Une loi américaine exige que ces ordinateurs soient munis de filtres pour bloquer certains contenus. Des entreprises de technologie éducative – GoGuardian, Gaggle, Lightspeed, Bark, Securly, entre autres – y ont vu l’occasion de s’attaquer aux comportements suicidaires et d’automutilation. Ils ont intégré des outils qui balaient ce que les élèves tapent et alertent l’école si ces derniers semblent envisager de se faire du mal.

Des millions d’élèves américains – près de la moitié, selon certaines estimations – font aujourd’hui l’objet d’une telle surveillance. Les détails sont divulgués aux parents une fois l’an, au moment de donner leur consentement.

La plupart des systèmes identifient des mots-clés ; des algorithmes ou un examen humain déterminent quels cas sont sérieux. Le jour, les élèves peuvent être retirés de la classe et soumis à un dépistage.

En dehors des heures de classe, si les parents ne peuvent être joints par téléphone, la police peut aller chez les élèves pour voir ce qui se passe.
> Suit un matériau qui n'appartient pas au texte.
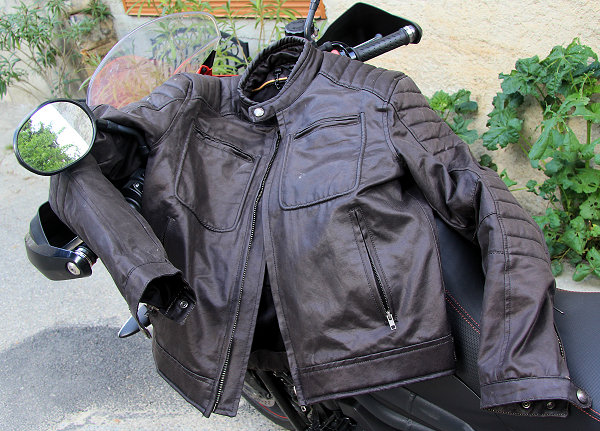 Le blouson Original Driver Wax à l'essai.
On ne peut analyser la précision, les avantages et les désavantages de ces alertes : les données appartiennent aux entreprises technologiques ; les données sur chaque intervention qui suit et son résultat sont généralement conservées par les administrations scolaires.

Selon des parents et des membres du personnel scolaire, les alertes permettent parfois d’intervenir à des moments critiques. Le plus souvent, elles permettent d’offrir aux élèves en difficulté du soutien pour prévenir un passage à l’acte.
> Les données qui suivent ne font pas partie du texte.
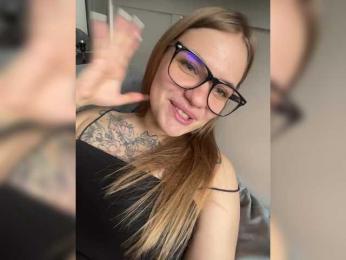 -Tiki-Riki- — Bongacams recorded stream image, 21.04.2025 09:20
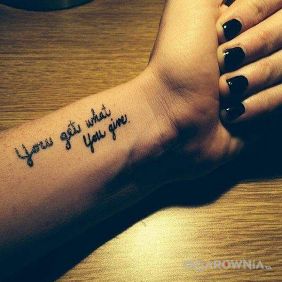Tatuaż You get what you give na przedramieniu motyw: napisy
Cependant, les alertes peuvent avoir des conséquences imprévues, parfois néfastes. Les organismes de défense des droits estiment qu’il y a un risque pour la vie privée. On reproche aussi à ces systèmes de mettre inutilement les élèves en contact avec la police.

Quant aux bienfaits de cet outil pour la santé mentale, les avis sont partagés. Il y a beaucoup de faux positifs, ce qui fait perdre du temps au personnel et perturbe les élèves. Dans certains districts, les visites à domicile hors des heures scolaires ont suscité une telle controverse que les interventions se limitent désormais à la journée scolaire.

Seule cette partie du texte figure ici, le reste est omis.